The capabilities that well-designed aspheric lens surfaces can bring to optical systems are dramatic, from the simplification of objective lenses for CD and DVD drives to larger field sizes for microlithographic projection lenses. Adding aspheric surfaces to an optical design, however, can be difficult; one hurdle is the conventional mathematical representation of an aspheric surface, which for strong aspheres can introduce substantial uncertainties in the surface profile for even tiny round-off errors. Now, Greg Forbes, senior scientist at QED Technologies (Rochester, NY), has developed a shape specification that is quite well-mannered, leading to aspheric surfaces that match their intended shape-and can easily be constrained (in the process of optical design) to be more manufacturable.1
The radial profile of a rotationally symmetric aspheric surface is conventionally represented by a conic plus a polynomial that consists of a sum of monomial even-power terms; this representation is then best-fitted to the desired optimum surface profile by the optical-design program. But the terms of the polynomial, which typically alternate in sign and produce the desired profile only through heavy cancellation, are often badly behaved and, indeed, practically limit the polynomial to no more than about ten terms. This contrary behavior takes the form of huge coefficients, which lead to individual terms that can be many thousands of times larger than their coordinated effect on profile shape (net sag). The result is extreme sensitivity to errors.
The representation developed by Forbes is instead based on terms that each consist of a set of polynomials, with each term orthogonal with respect to the others-a property that essentially “decouples” each term from the rest, avoiding any heavy cancellation. “When it gets to the manufacturing end, lots of canceling coefficients boosts the chance of operator errors,” says Forbes. “We have seen this in our metrology efforts, where, thankfully, errors generally mean only that the test process fails. In fabrication, such errors generally mean that the part would be given the wrong shape. In the new representations, the coefficients can be interpreted at a glance, unlike the traditional set, which need significant processing to get any idea of the part’s shape.”

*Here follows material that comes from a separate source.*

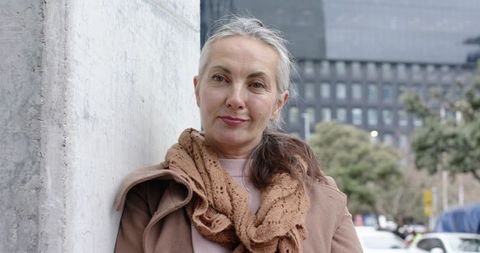Mature woman leaning on city column wearing tan coat and knit scarf, urban portrait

Perhaps more important, Forbes notes, the traditional representation does not make it easy for a designer who wants to place constraints on aspheres to force them to be more cost-effective (able to be fabricated and tested without dedicated tooling or null optics). Working with the new representation chiefly involves the straightforward task of constraining the sum of the squares of the coefficients that describe the surface. Such matters can play a significant role for global optimization, in which the designer must specify the domain to be searched, says Forbes; in the new representations, this is far easier to do and can lead to more-efficient searches.
Two bases
A particular form of representation (called a “basis”) can be tailored for a particular need. One basis, termed “Qcon,” is intended for unconstrained aspheres, explains Forbes. “For example, telescope primary mirrors are close to paraboloids, and the secondaries can be close to hyperboloidal. In this case, the conic picks up most of the aspheric departure (and generally allows for simpler dedicated null tests). The additive polynomial in this case is structured to leave the axial intercept and axial curvature of the conic unchanged. These entities are often of direct interest to the designer who therefore needs easy access to them. That is why the polynomial portion in this case begins at the fourth order.”

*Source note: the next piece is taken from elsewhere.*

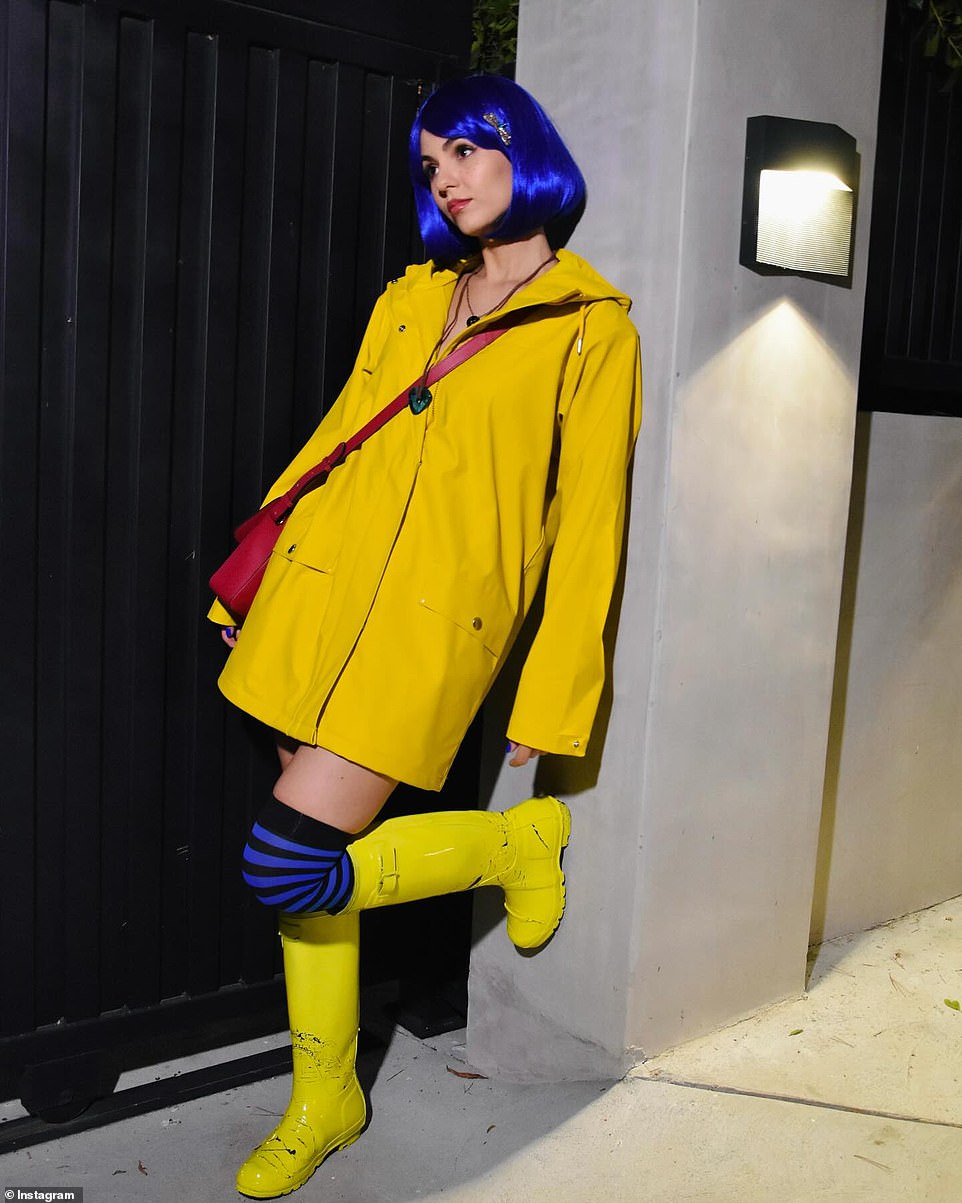 She later transformed into Coraline Jones from the 2009 movie Coraline. Her costume included an electric blue wig and a yellow raincoat, underneath which she wore a black bra and matching skirt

The second basis, called “Qbfs,” has another purpose altogether, Forbes notes. “In particular, for an asphere to be especially cost-effective, it must be sufficiently close to spherical in shape. More specifically, for the purposes of testing, the slope of the normal deviation between the part and its best-fit sphere must be constrained. This second basis is therefore defined with respect to a sphere. What’s more, the additive portion now must start at the second order (to allow for the axial curvature to be different from the best-fit curvature) and it must vanish at the edge (to leave the best-fit sphere unchanged). In this way, the additive portion changes the shape of the surface without changing its best-fit sphere. Again, the coefficients can be interpreted upon inspection. The main thing, however, is that a measure of the difficulty of interferometrically testing the part is directly accessible. These constraint-related matters are the main motivation behind Qbfs, and our intent with it is to boost the prevalence of more-cost-effective aspheres by putting improved tools in the designers’ hands.”
The particular levels that are set for these constraints depend on the interferometric tool, whether it be a standard Fizeau interferometer (which, without null optics, can measure only mild aspheres), or QED’s SSI-A (a subaperture-stitching interferometer that, again without null optics, can measure stronger aspheres).
But the ideal is to tie the new aspheric-surface representations into the entire design and fabrication process. “We can directly include these new representations into QED’s control software, but the challenge is to get them used by designers so that users will come to our machines with these new descriptions of aspheres in their hands,” says Forbes. “We are therefore working with the major optical-design-code people to see if we can facilitate getting these representations in place and used.”
REFERENCE
1. G.W. Forbes, Optics Express 15(8) (April 16, 2007).